Man jailed to satisfy his curiosity
Vladimir Belous, 56, an independent Moscow artist, has never had any criminal record. But he had a grudge against police who once detained him with his own canvas, thinking he had stolen it.
So when an occasion turned up, he did not hesitate to “take revenge” and to make fools of policemen. If not for an investigator’s scrupulousness, the vengeance may well have cost the artist his freedom for more than ten years.
Once, wandering around Moscow, Belous became acquainted with 22-year-old Vladimir Shishkov, who took him to one of the city’s residential districts. Shishkov introduced Belous to some of his acquaintances, including 33-year-old Aleksandr Puchkov.

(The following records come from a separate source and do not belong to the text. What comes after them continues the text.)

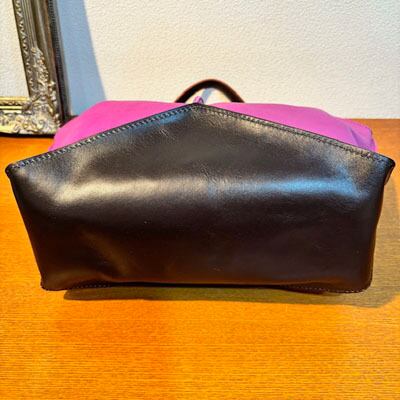 B.stuff 限定色入荷!2WAYバッグ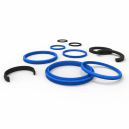 Statik Sızdırmazlık Elemanları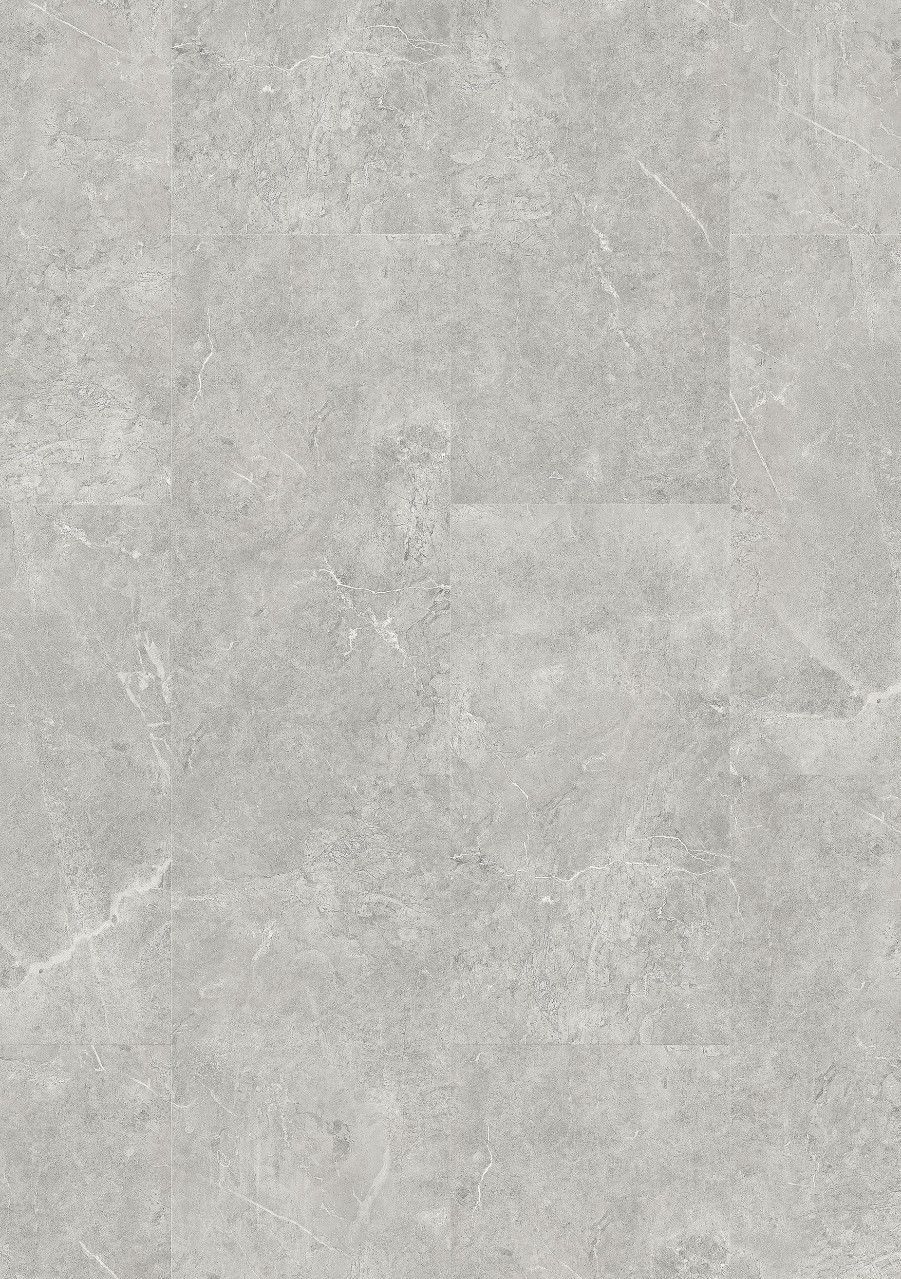 Кварцвиниловый SPC ламинат Quick Step Volcano Мрамор светло-серый VSPC20251 600×310×4,2 Кварцвиниловый SPC ламинат Quick Step Volcano Мрамор светло-серый VSPC20251 600×310×4,2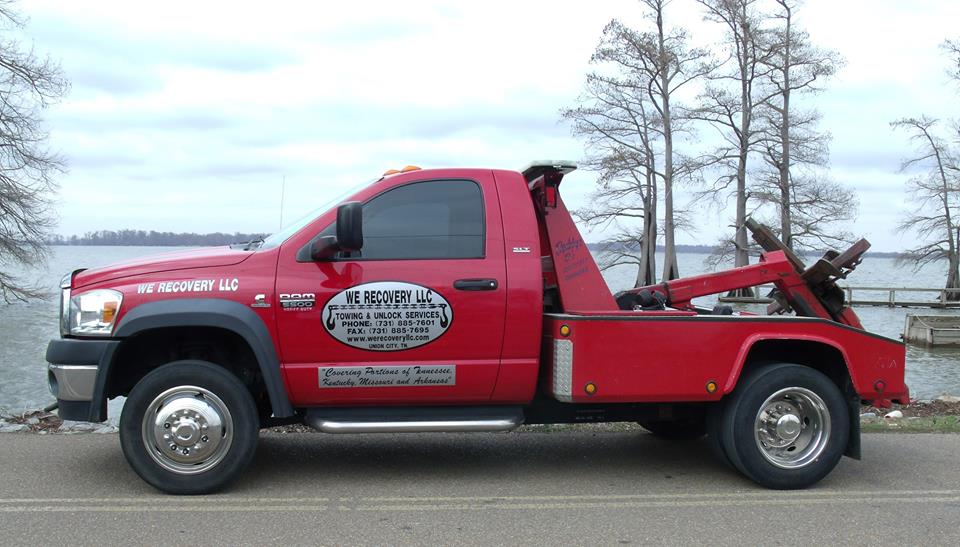 Avatar for We Recovery LLC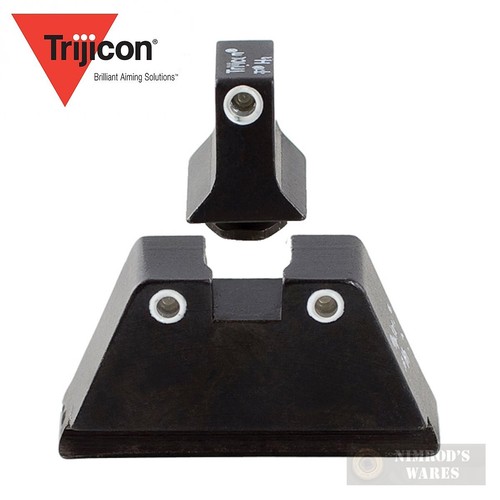 Trijicon glock suppressor - trijicon,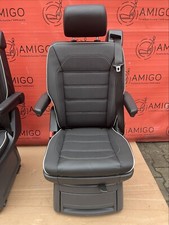 Seat california multivan - seat, vw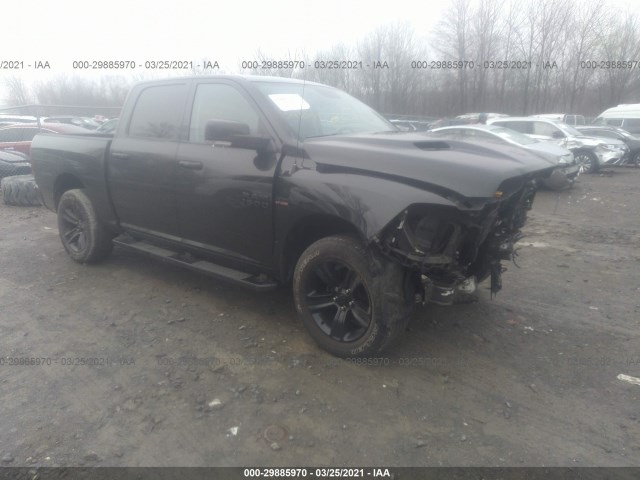 RAM 1500 2018 1c6rr7mt5js267478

The whole party decided to drop into a shop to buy beer. By that time, though, Belous had become tired of his “new friends” and preferred to return home.
As for Shishkov, he set his sights on Puchkov’s expensive cell phone. That meant a death sentence for the owner. Under a certain pretext, Shishkov took his victim to a lonely corner – “for a talk” – where he cut his throat with a broken bottle.
When giving evidence at the prosecutor’s office, Shishkov claimed that Belous was the murderer, adding that he saw him kill Puchkov.
Belous confirmed that he killed the man but refused to provide further evidence. Meanwhile, he was taken into custody.
By the time Belous had spent four months behind bars, a new investigator had taken up the case who found a lot of discrepancies in Belous’s story.
It took investigator Anton Yastrebov a while to convince Belous to tell the truth since the artist was afraid that his evidence would be used against him. He only believed in the good intentions of the investigators when they came to his cell with a paper authorizing his release.
The events then came thick and fast. Shishkov was arrested, charged with manslaughter and sentenced to thirteen years in jail.